Por el camino de Cádiz a la Isla no cesaba el paso de diversa gente, en coche y
a pie; y en la plaza de San Juan de Dios los caleseros gritaban, llamando
viajeros: -¡A las Cortes, a las Cortes!
Parecía
aquello preliminar de función de toros. Las clases todas de la sociedad
concurrían a la fiesta, y los antiguos baúles de la casa del rico y del pobre
habíanse quedado casi vacíos. Vestía el poderoso comerciante su mejor paño, la
dama elegante su mejor seda, y los muchachos artesanos, lo mismo que los
hombres del pueblo, ataviados con sus pintorescos trajes salpicaban de vivos
colores la masa de la multitud. Movíanse en el aire los abanicos, reflejando en
mil rápidos matices la luz del sol, y los millones de lentejuelas irradiaban
sus esplendores sobre el negro terciopelo. En los rostros había tanta alegría, que
la muchedumbre toda era una sonrisa, y no hacía falta que unos a otros se
preguntasen a dónde iban, porque un zumbido perenne decía sin cesar: -¡A las
Cortes, a las Cortes!
Las calesas
partían a cada instante. Los pobres iban a pie, con sus meriendas a la espalda
y la guitarra pendiente del hombro. Los chicos de las plazuelas, de la Caleta y
la Viña, no querían que la ceremonia estuviese privada del honor de su asistencia,
y arreglándose sus andrajos, emprendían con sus palitos al hombro el camino de
la Isla, dándose aire de un ejército en marcha, y entre sus chillidos y bufidos
y algazara se distinguía claramente el grito general: -¡A las Cortes, a las
Cortes!
Tronaban los
cañones de los navíos fondeados en la bahía; y entre el blanco humo las mil
banderas semejaban fantásticas bandadas de pájaros de colores arremolinándose
en torno a los mástiles. Los militares y marinos en tierra ostentaban plumachos
en sus sombreros, cintas y veneras en sus pechos, orgullo y júbilo en los
semblantes.

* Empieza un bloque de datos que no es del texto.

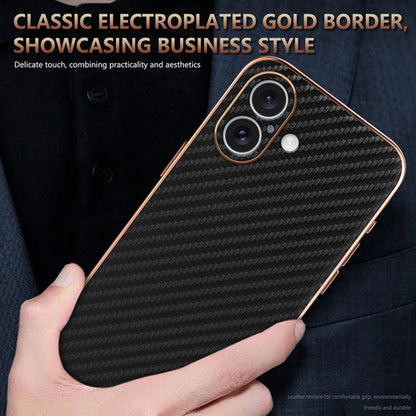 For iPhone 16 AZNS Electroplated Edge Carbon Fiber Texture Phone Case(Black) - iPhone 16 Cases by AZNS | Online Shopping UK | buy2fix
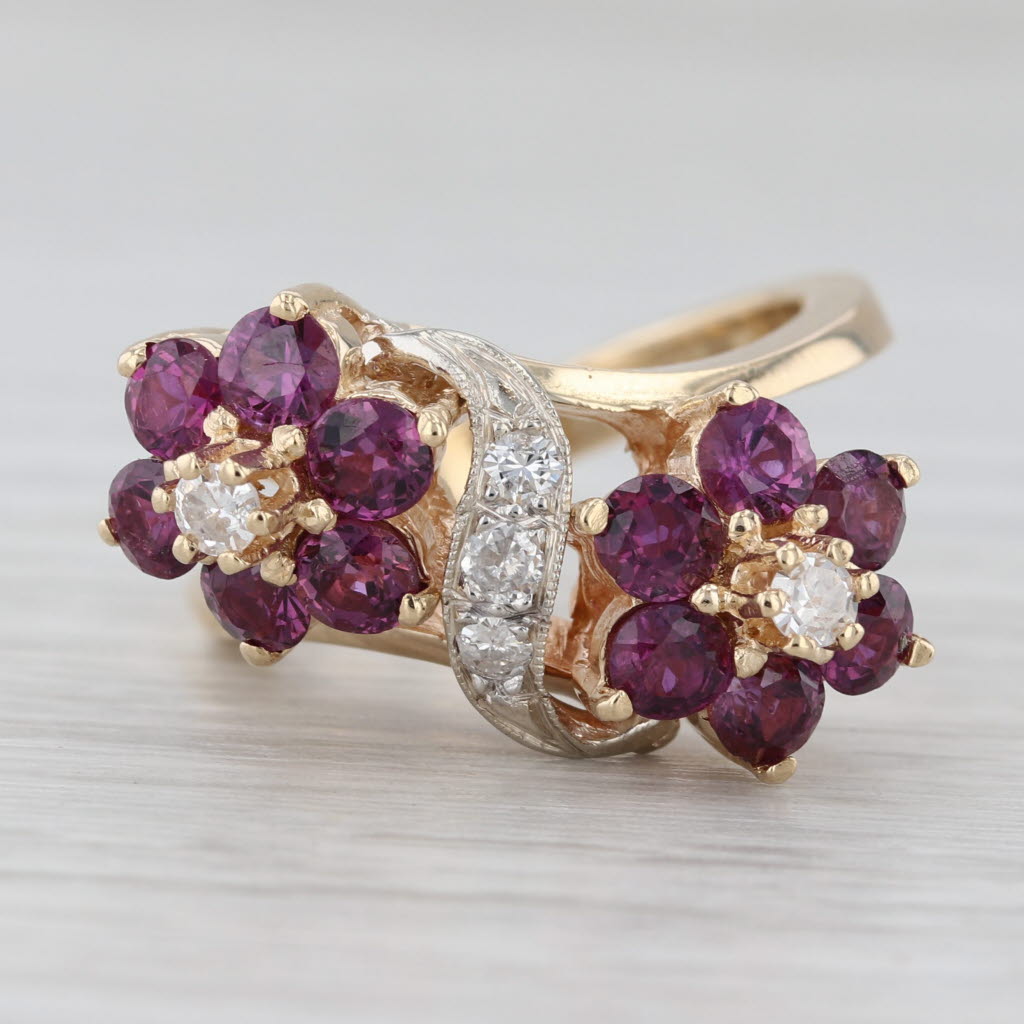 Light Gray 2.18ctw Ruby Diamond Flower Bypass Ring 14k Yellow Gold Size 6.25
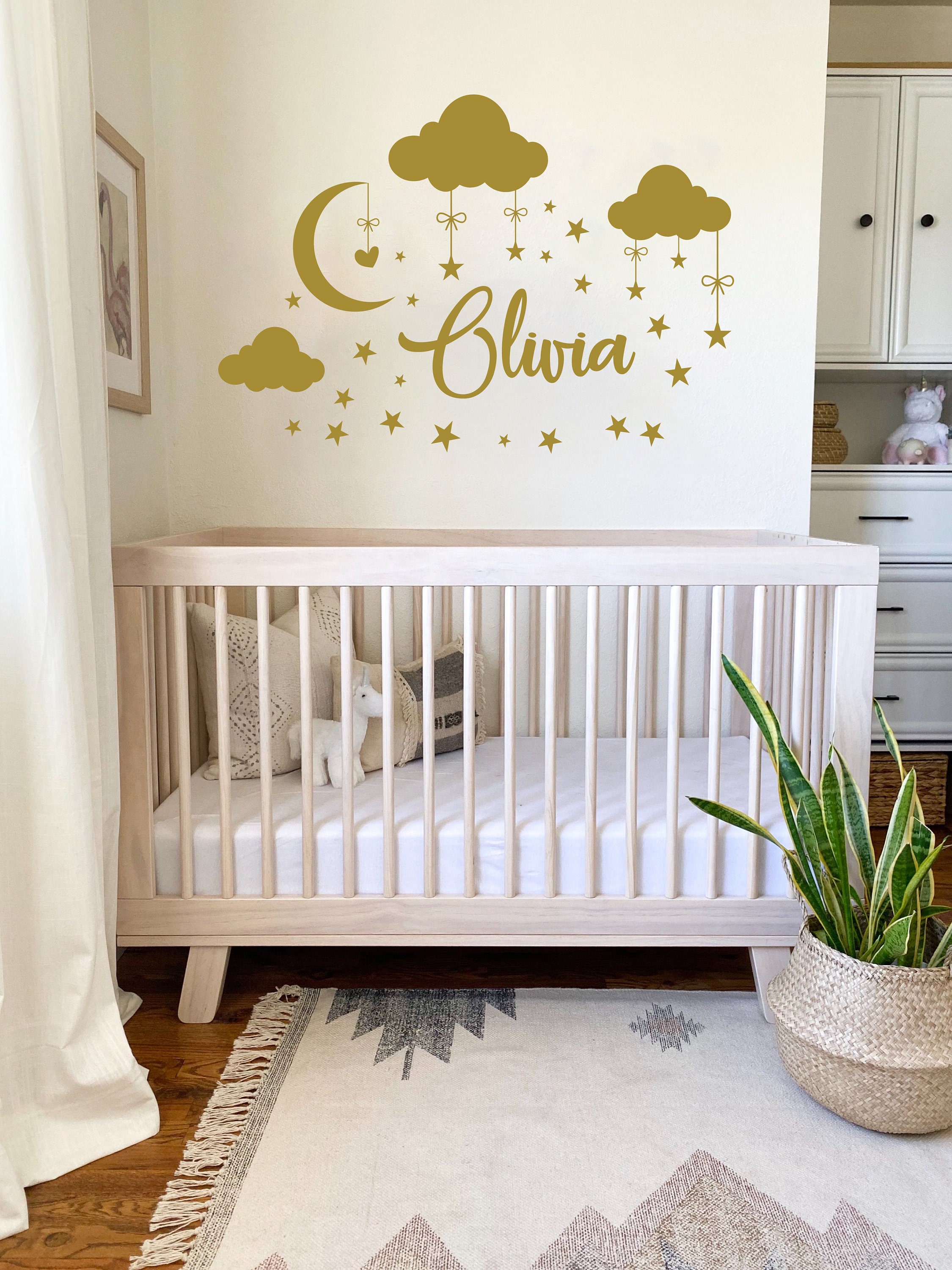 Personalized Name Wall Decal Nursery Decor Baby Clouds Decals Baby Name ...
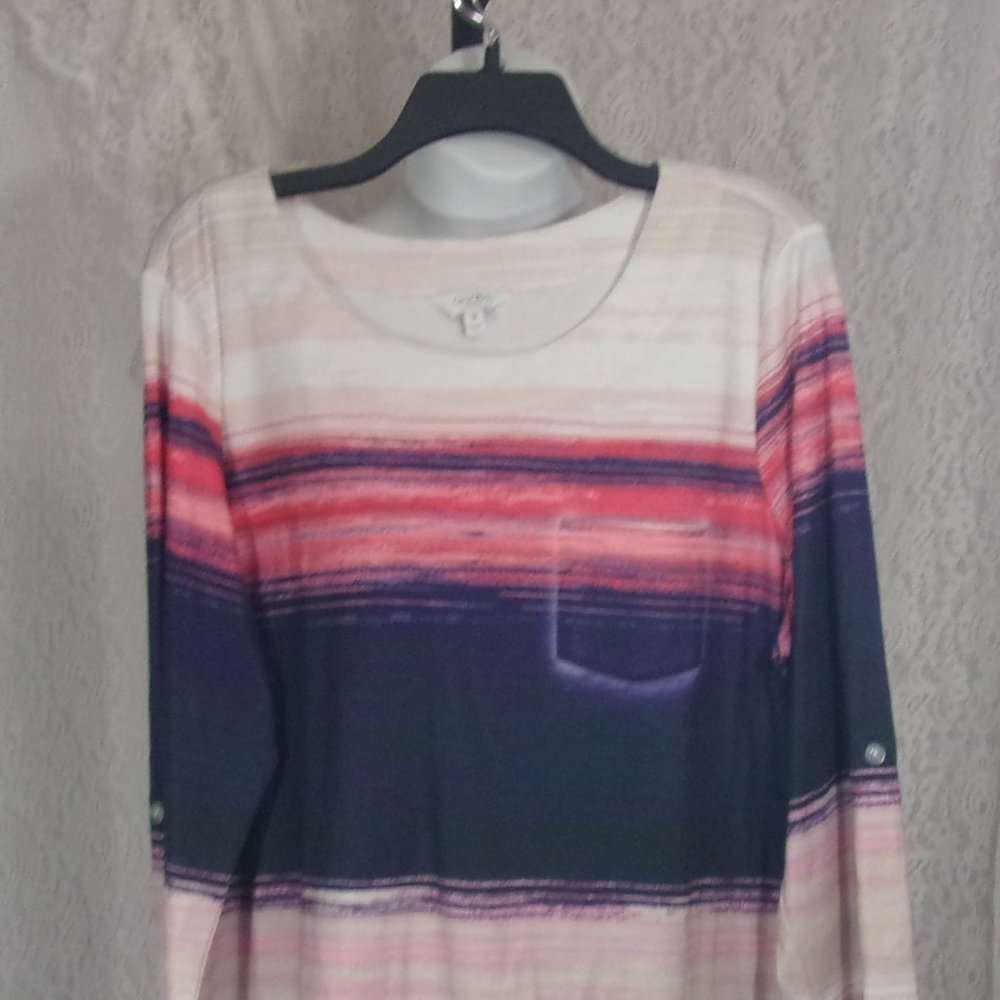 Coral Bay Striped Top of Navy Cream Coral on Beige Size  1X Plus
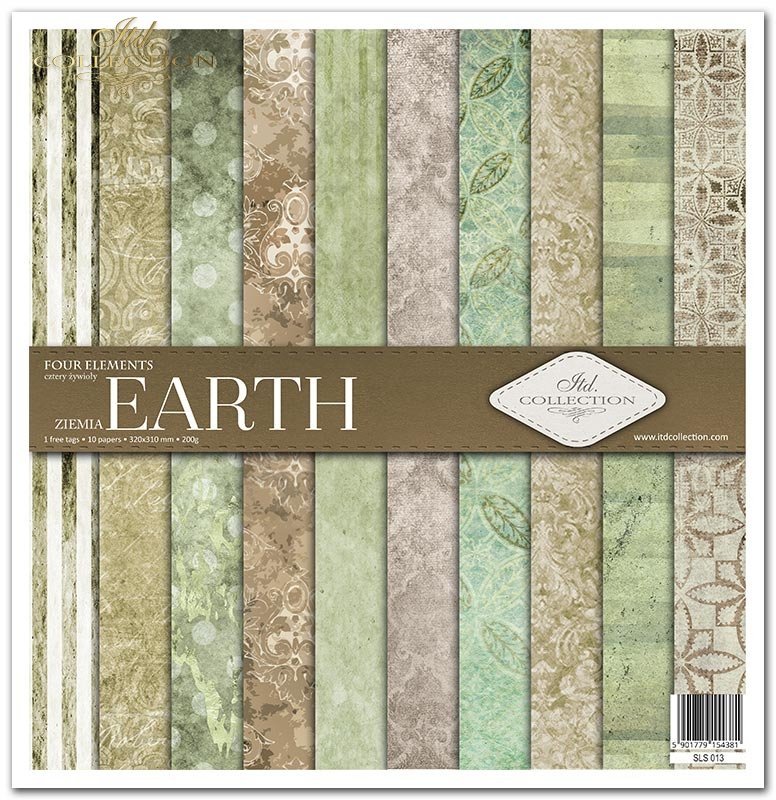 Scrapbooking Papier Set Earth Four Elements 10 Bögen 31x32cm 200g/m²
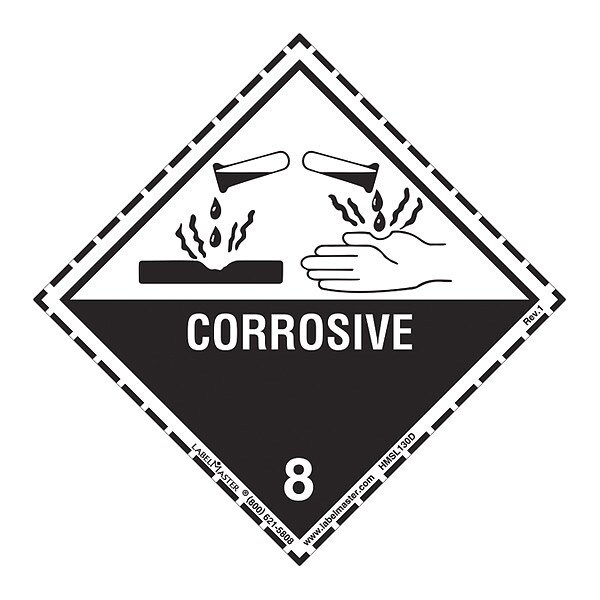 Corrosive Label, Worded, Dotted Brdr, PK500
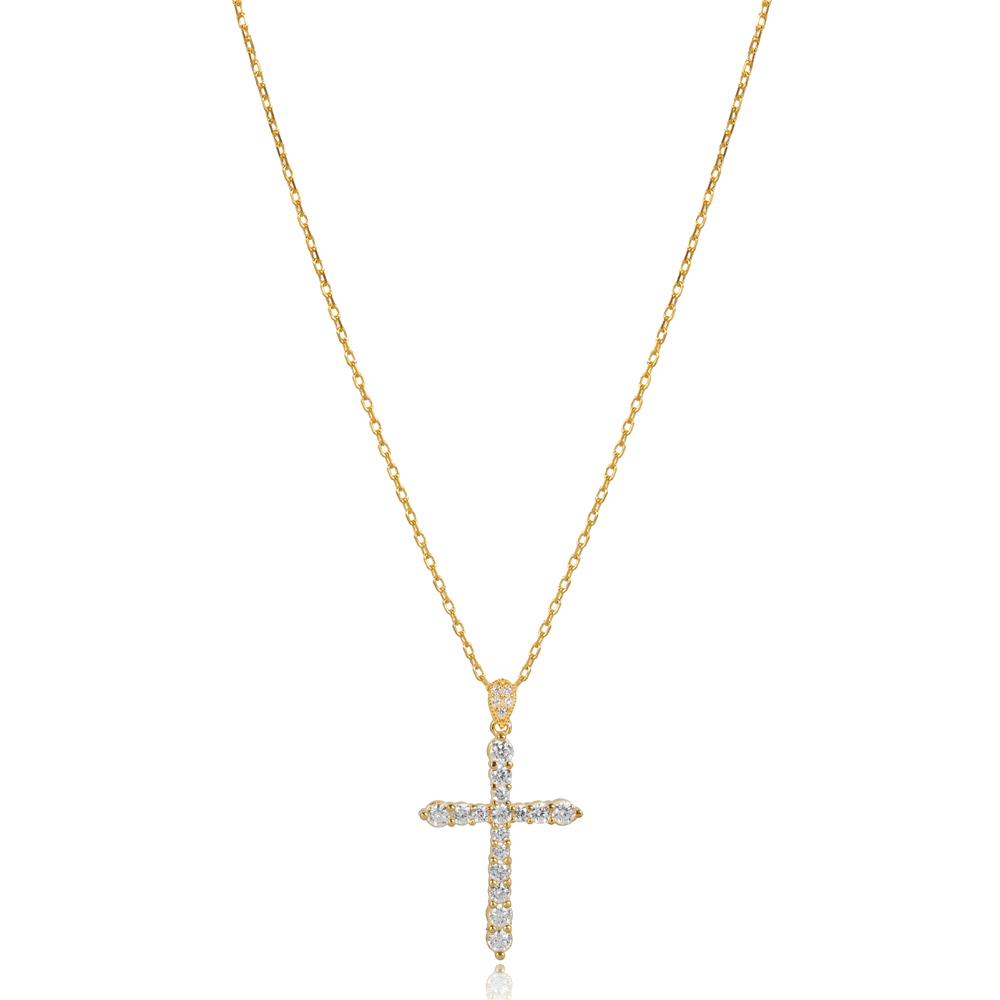 CZ Stone Cross Design Charm Necklace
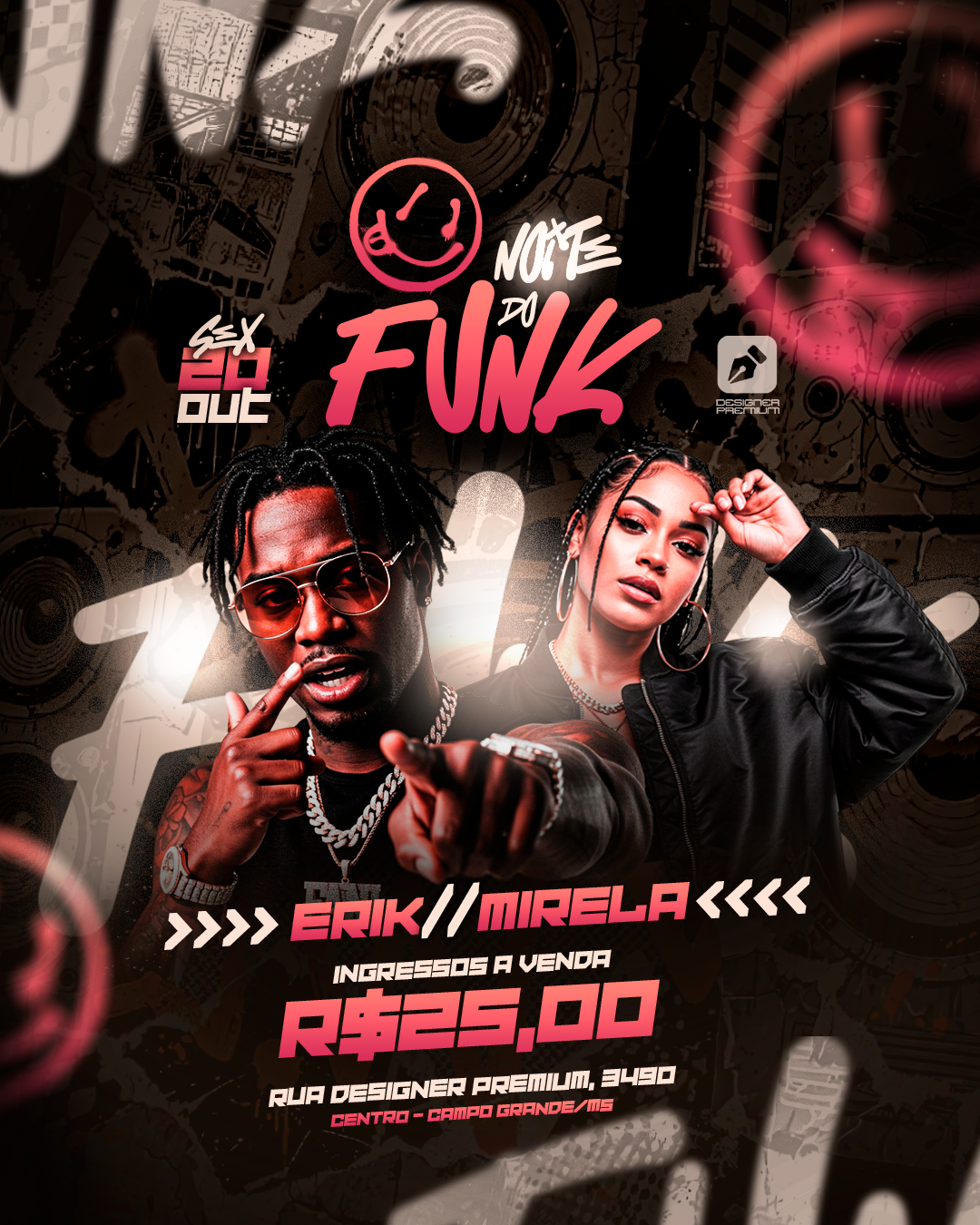 PSD FLYER FREE - TEMPLATE - CANVA - FREEPIK - DESIGNI - DESIGNER - NOITE DO FUNK - BAILE - BALADA - MC - DJ - LOUNGER - PUB - TRAP - EVENTO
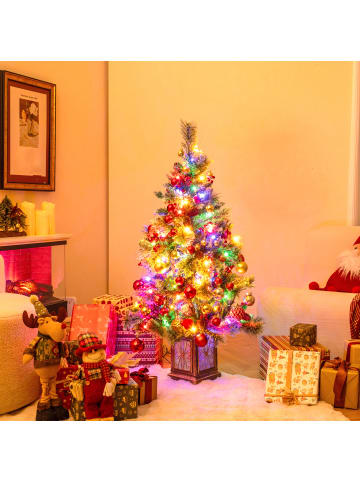 COSTWAY 120 cm Künstlicher Weihnachtsbaum mit Beleuchtung in Grün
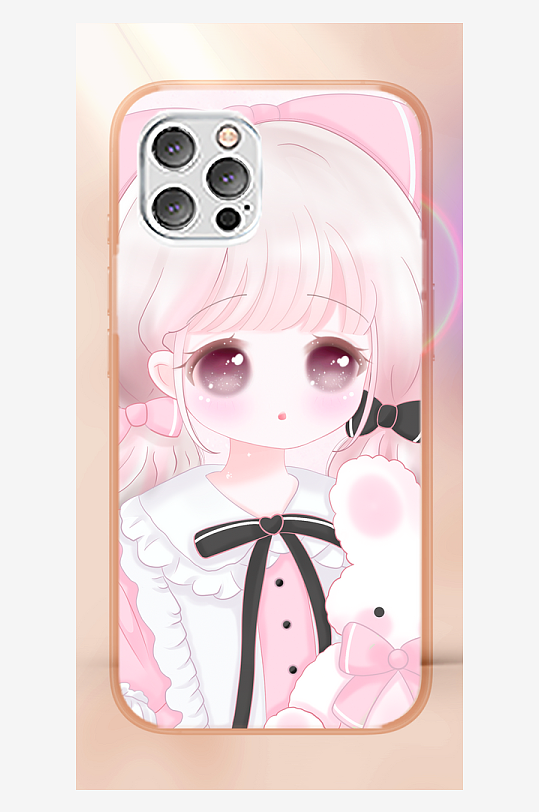 美丽少女图案手机壳设计-众图网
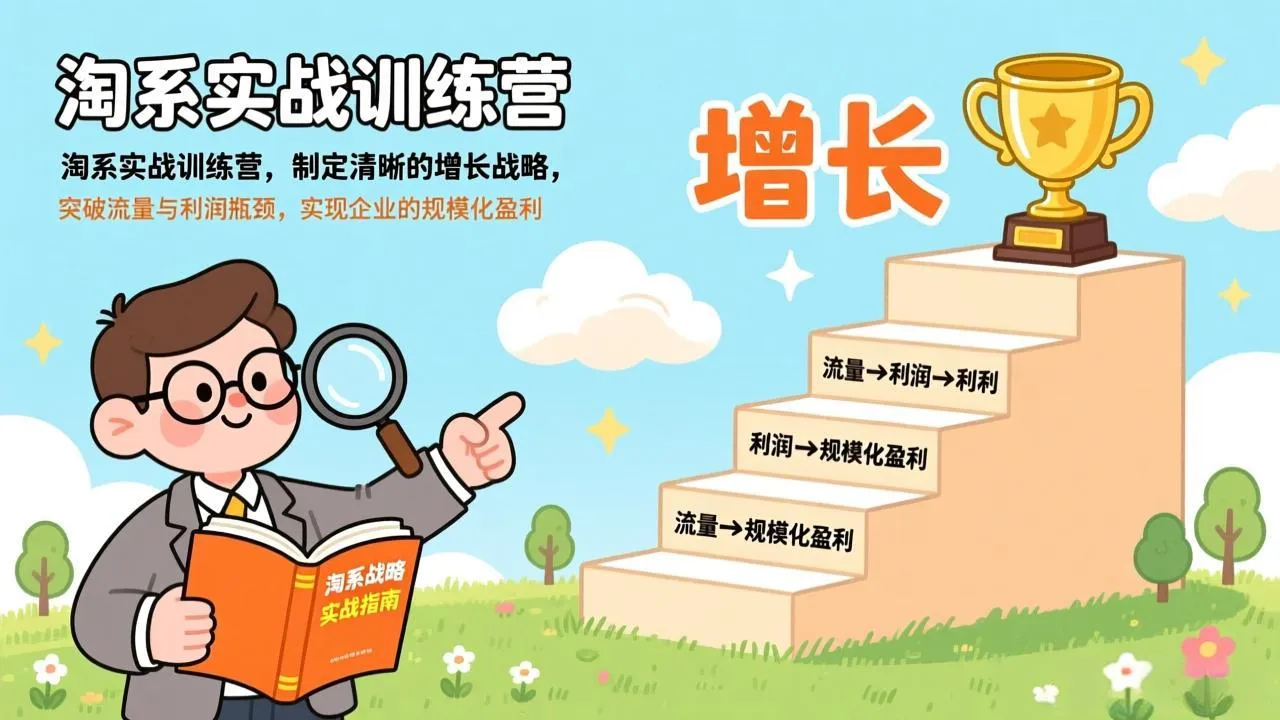 【精】淘系实战训练营，制定清晰的增长战略，突破流量与利润瓶颈，实现企业的规模化盈利-副业吧
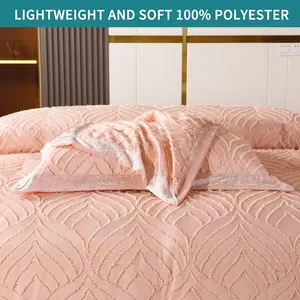 Solid Colour Duvet Cover Set with Pillowcases Pink / Kingsize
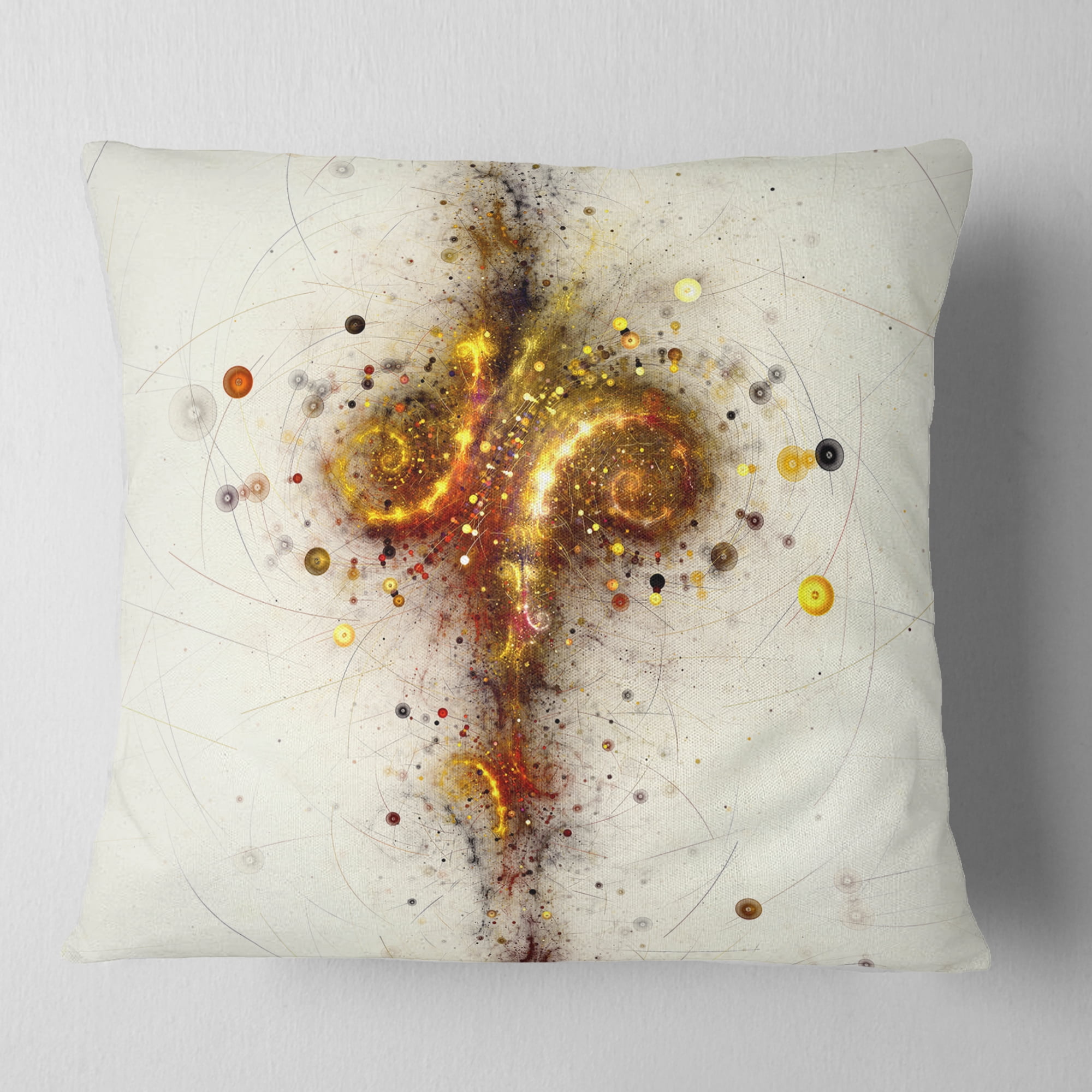 Designart Dark Yellow Fractal Art Design - Abstract Throw Pillow - 18x18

Abrazábanse paisanos y militares congratulándose de aquel día, que
todos creían el primero de nuestro bienestar. Los hombres graves, los
escritores y periodistas, rebosaban satisfacción, dando y admitiendo plácemes
por la aparición de aquella gran aurora, de aquella luz nueva, de aquella
felicidad desconocida que todos nombraban con el grito placentero de: -¡Las
Cortes, las Cortes!
En la taberna
del Sr. Poenco no se pensaba más que en libaciones en honor del gran suceso.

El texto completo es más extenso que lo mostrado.